Historical story

The most unsuccessful executions in history [18+]

Last updated:2022-07-25

It might seem that there is nothing easier than carrying out the death penalty. Tying a rope, grabbing an ax in the hand, or giving a lethal injection shouldn't be that hard. But is it really?

There were so many ineptly executed death sentences that the special term "botched executions" was coined for them - bunched executions. Their common feature? The convicted person is suffering longer or more than necessary.

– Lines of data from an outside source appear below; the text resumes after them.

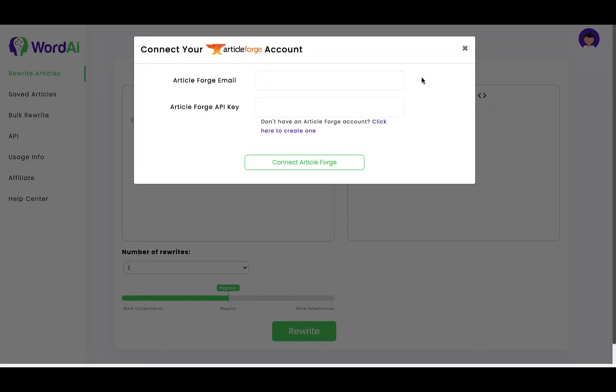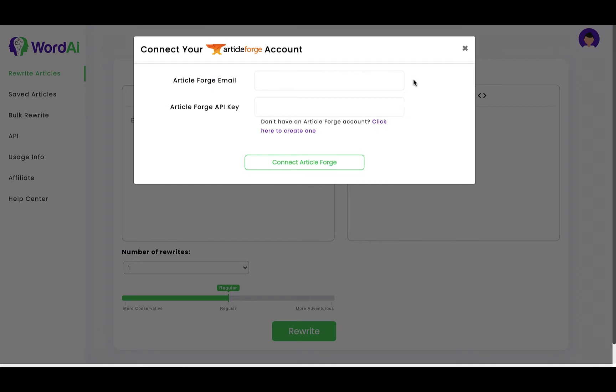If you do not have an ArticleForge account, just click here to create one. Once you have an ArticleForge account, you can connect it directly to your WordAI account using your ArticleForge username and API key.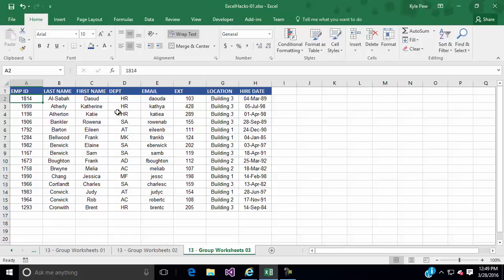So I'm doing work across multiple worksheets by selecting them all and then applying all the steps that I want to one of them and everything gets applied to every worksheet in the group. Try this out. Save yourself some time. You need to repeat the same process on multiple worksheets, maybe create templates. It's a really quick, efficient way to do it. Hack number 13, grouping worksheets.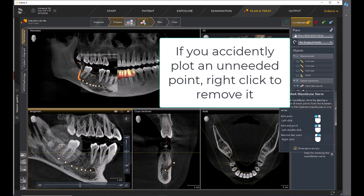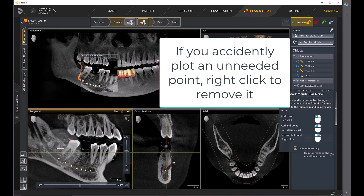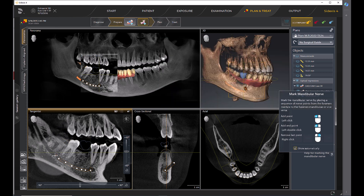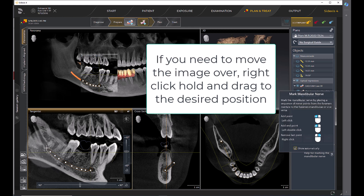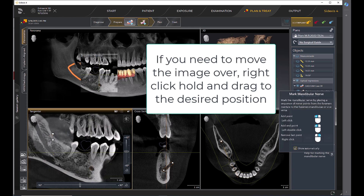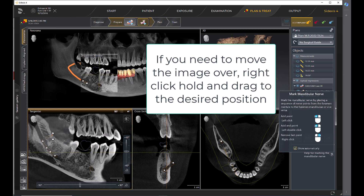If you accidentally plot an unneeded point, right-click to remove it. If you need to move the image over, right-click hold and drag to the desired position.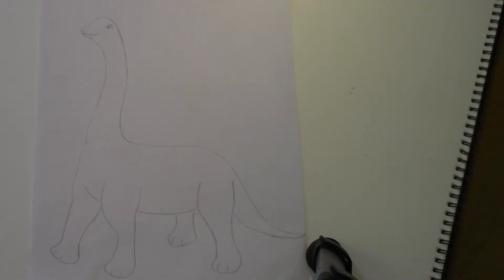Hello welcome to Easy and Fun Art. Today we're going to draw a dinosaur.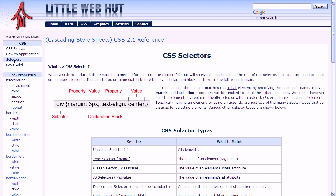Here we can see a diagram that shows the structure of a CSS declaration. In this example, both the margin and the text-align property will be applied to the div element. The div element here is the selector. In this case, the selector simply uses the name of the element that the property should be applied to. But there are many ways that a selector can be specified. This method, by the way, is called the type selector.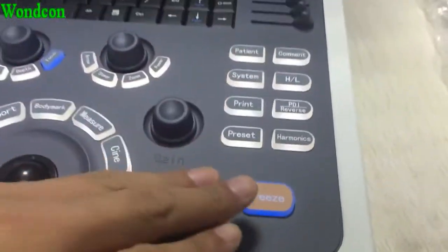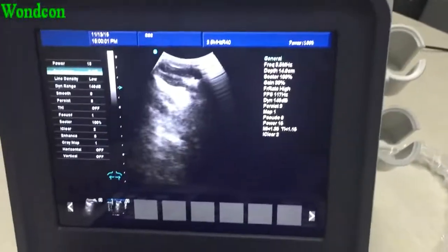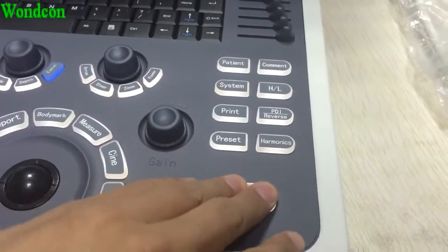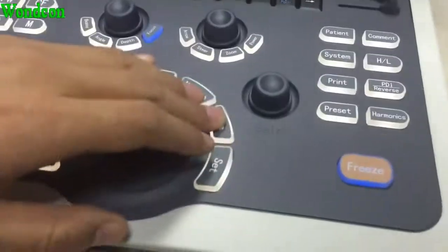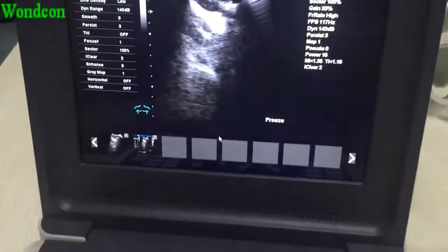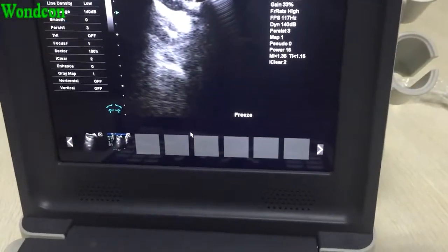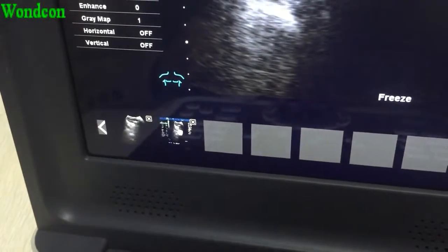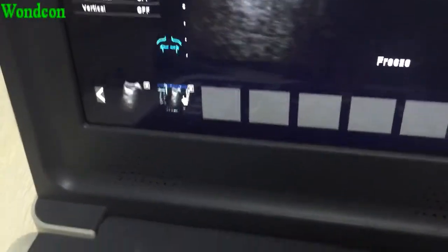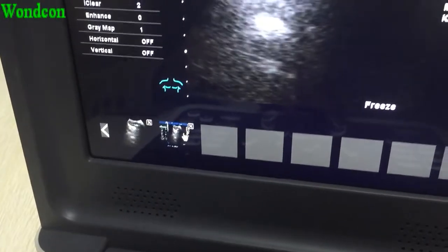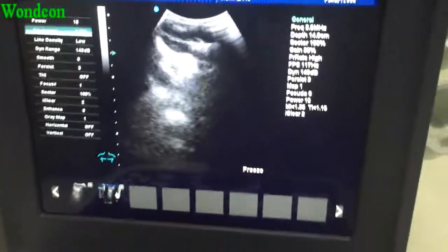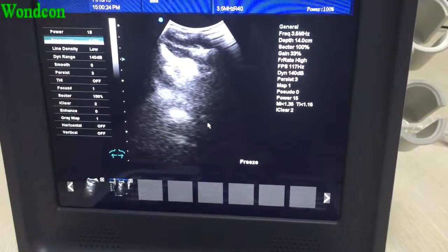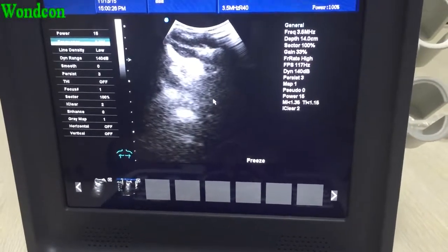If you want to record the image and the value, press and assign. You will find the images at the bottom of the screen. Press it to view the stored image.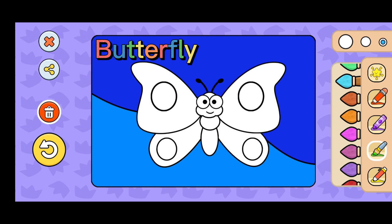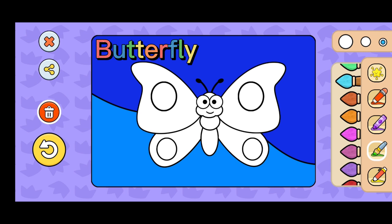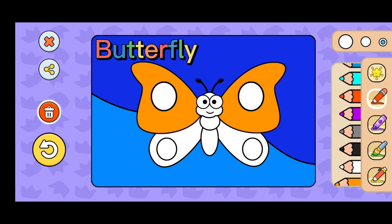Butterflies are insects that belong to the order Lepidoptera, or scale-bearing insects. Lepis means scales, and pteron means wings.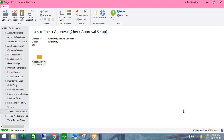Welcome to this presentation on payment processing and check management in Sage 300, where we'll be going over ORCID EFT and SOX check approvals. If you have any questions during the presentation, please use the question box to the right side of your screen. I'd like to introduce Nancy, who will begin the presentation.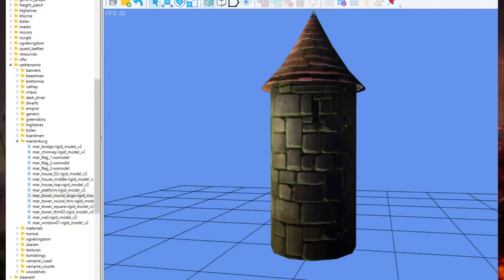Hello everyone and welcome back to The Great Book of Grudges. My name is Nathan and we're back with some more Total War Warhammer 3, this time going into the assets because some interesting information has just popped up.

Nobody says that going to the scaffold should be easy and fun, but humanitarianism requires that dying should be as short as possible and not cause additional suffering. And although many will say, "what the hell, he deserved!", some cases of inept executions really make him sick .

Shorten their heads!

The death sentence by decapitation could be carried out in various ways depending on the times and circumstances. The guilty (or wrongly accused) lost their heads under axes, as a result of being cut with a sword or under a guillotine. It wasn't always a quick death though . Much depended on the efficiency of the executioner or the condition in which the particular tool was used. Do you remember the death of Anna Boleyn and how Henry VIII brought her the best executioner in France? In this way, he just spared her extra suffering.

Henry VIII was perhaps not the best husband, but at least he made sure that his second wife, Anna Boleyn, had a quick and painless death.

In medieval Europe, execution with a sword was reserved for representatives of high society. In the Renaissance, even less-born people could "count" on her. A skilled executioner could behead a condemned man in one fell swoop, even when he was standing. However, if the master of ceremonies had a bad day or was simply not a specialist in his profession, things could have gone much worse ...

In 1699, Angelique Tiquet was sentenced to death for killing her husband. The Parisian woman was about to be beheaded when it started raining. What is delayed is not lost. After half an hour of waiting, the executioner finally got down to work, but at this point the woman turned her head to ask him to try not to disfigure her. It caused the man to miss and cut the side of her neck; then he made another missed attempt. He only killed the woman with the third blow. And that's still nothing. It is said that in 1626 it took as many as 29 blows of the sword for Count de Chalais to die. It's hard to imagine what such an execution must have looked like.

Johnatan J. Moore, in his book "Hang, Gibber, and Dismember" describes the case of an executioner in 1641, who botched his work so much that he barely escaped alive. The crowd was furious with his incompetence and almost lynched him . The convict at the time was the young and apparently exceptionally beautiful Margaretha Voglin, a child-killer with no criminal past, who committed a crime (like many women of that time) to save her honor.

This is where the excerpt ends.